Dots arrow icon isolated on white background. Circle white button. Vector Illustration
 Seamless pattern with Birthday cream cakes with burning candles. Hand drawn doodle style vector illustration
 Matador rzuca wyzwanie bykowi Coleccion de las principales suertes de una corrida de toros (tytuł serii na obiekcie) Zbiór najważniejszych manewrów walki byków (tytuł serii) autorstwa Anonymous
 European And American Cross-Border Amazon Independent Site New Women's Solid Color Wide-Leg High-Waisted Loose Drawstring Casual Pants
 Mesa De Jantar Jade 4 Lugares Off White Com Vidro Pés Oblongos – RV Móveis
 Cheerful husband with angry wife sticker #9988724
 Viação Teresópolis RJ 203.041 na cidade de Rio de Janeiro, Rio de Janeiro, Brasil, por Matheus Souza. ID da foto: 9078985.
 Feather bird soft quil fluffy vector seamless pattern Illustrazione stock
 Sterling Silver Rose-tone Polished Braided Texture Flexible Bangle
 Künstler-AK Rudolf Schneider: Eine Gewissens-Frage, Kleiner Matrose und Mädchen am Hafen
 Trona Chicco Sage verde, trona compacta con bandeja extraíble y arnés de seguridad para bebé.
__________
Write out the whole listing once more, exactly as it reads.

Dots arrow icon isolated on white background. Circle white button. Vector Illustration
 Seamless pattern with Birthday cream cakes with burning candles. Hand drawn doodle style vector illustration
 Matador rzuca wyzwanie bykowi Coleccion de las principales suertes de una corrida de toros (tytuł serii na obiekcie) Zbiór najważniejszych manewrów walki byków (tytuł serii) autorstwa Anonymous
 European And American Cross-Border Amazon Independent Site New Women's Solid Color Wide-Leg High-Waisted Loose Drawstring Casual Pants
 Mesa De Jantar Jade 4 Lugares Off White Com Vidro Pés Oblongos – RV Móveis
 Cheerful husband with angry wife sticker #9988724
 Viação Teresópolis RJ 203.041 na cidade de Rio de Janeiro, Rio de Janeiro, Brasil, por Matheus Souza. ID da foto: 9078985.
 Feather bird soft quil fluffy vector seamless pattern Illustrazione stock
 Sterling Silver Rose-tone Polished Braided Texture Flexible Bangle
 Künstler-AK Rudolf Schneider: Eine Gewissens-Frage, Kleiner Matrose und Mädchen am Hafen
 Trona Chicco Sage verde, trona compacta con bandeja extraíble y arnés de seguridad para bebé.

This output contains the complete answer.